The Fellow will provide the AI core and foundational intelligence that coordinates the entire experimental ecosystem, integrating machine learning, real‑time data analysis, and tool‑use APIs to automate complex decision‑making across materials design, liquid‑phase synthesis, and characterization platforms. This position is embedded within TMI’s larger AI‑robotic materials discovery program, which integrates liquid‑phase synthesis, high‑throughput sample processing, and autonomous characterization. The Fellow will collaborate closely with synthesis and characterization researchers and provide the foundational AI layer that enables these autonomous workflows, creating a continuous experimental–computational feedback loop.
The emphasis is on system‑level intelligent automation, coordinating multiple instruments through a unified agentic AI framework.

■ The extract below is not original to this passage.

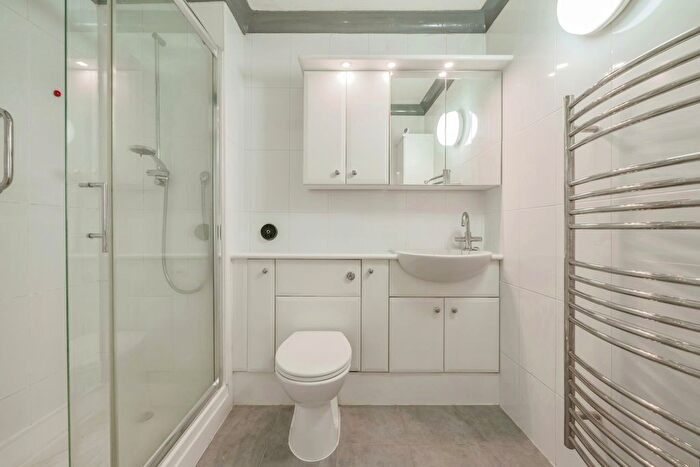 1 Bedroom Flat For Sale In Dingleway, Appleton, Warrington, Cheshire, WA4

The Fellow will lead independent research, publish findings, collaborate across disciplines, and mentor graduate students and junior researchers.
- Develop agentic AI models and agentic orchestration frameworks for multi‑step, multi‑instrument experimental workflows (e.g., observe–reason–plan–act).
- Design closed‑loop optimization and active learning strategies for real‑time experiment steering and adaptive decision‑making.
- Integrate agentic AI systems with instrument control APIs, laboratory scheduling systems, and data acquisition interfaces to enable autonomous operation across diverse scientific instruments.
- Build and refine digital twins for synthesis and characterization workflows, using physics‑based simulations or surrogate ML models.
- Collaborate closely with experimentalists, theorists, and engineers across academic and industrial partners, including postdoctoral fellows in liquid‑phase synthesis, microdroplet printing, and characterization.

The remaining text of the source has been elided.